What the G7 leaders should have said at their summit meeting

15 June 2021

In his article for The Conversation, Myles Allen argues that the recent G7 summit in Cornwall ended with little cause for celebration from anyone worried about climate change. Most of the pledges were simply restating promises already made. 

 

And, again, the world’s richest democracies failed to mention (let alone agree) to new funding to help poorer parts of the world invest in green technology and adapt to extreme weather. The G7 countries are among those who have most contributed to climate change historically. But there is no way of accurately measuring who has actually contributed most. 

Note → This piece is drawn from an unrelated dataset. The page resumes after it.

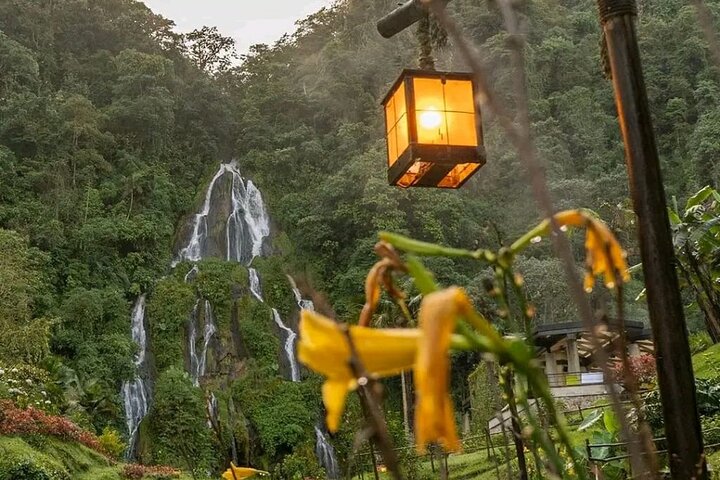 Coffee Farm and Santa Rosa Hot Springs Tour from Pereira or Armenia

Allen explains that this is largely due to the effects of climate change depending on how much we warm the planet overall, while the United Nations Framework Convention on Climate Change (UNFCCC) only requires countries to report their contributions to emissions. This method to report emissions reflects their effect on the balance between the energy the Earth absorbs from the Sun and the energy it emits back into space over the 100 years after the date of the emission. While this matters less for carbon dioxide and nitrous oxide, other pollutants, such as methane, it matters a lot.

 

Allen writes, "Any country contemplating setting up a fracking industry (notorious for leaking methane) can be quietly confident that it will be 100 years before the warming effect of their fugitive methane emissions will be accurately reflected in their reports to the UNFCCC."

The information we need to make accurate calculations does exist and would reveal that we don't just need to stop global warming as soon as possible, we need to use methods such as carbon capture to try and reverse it.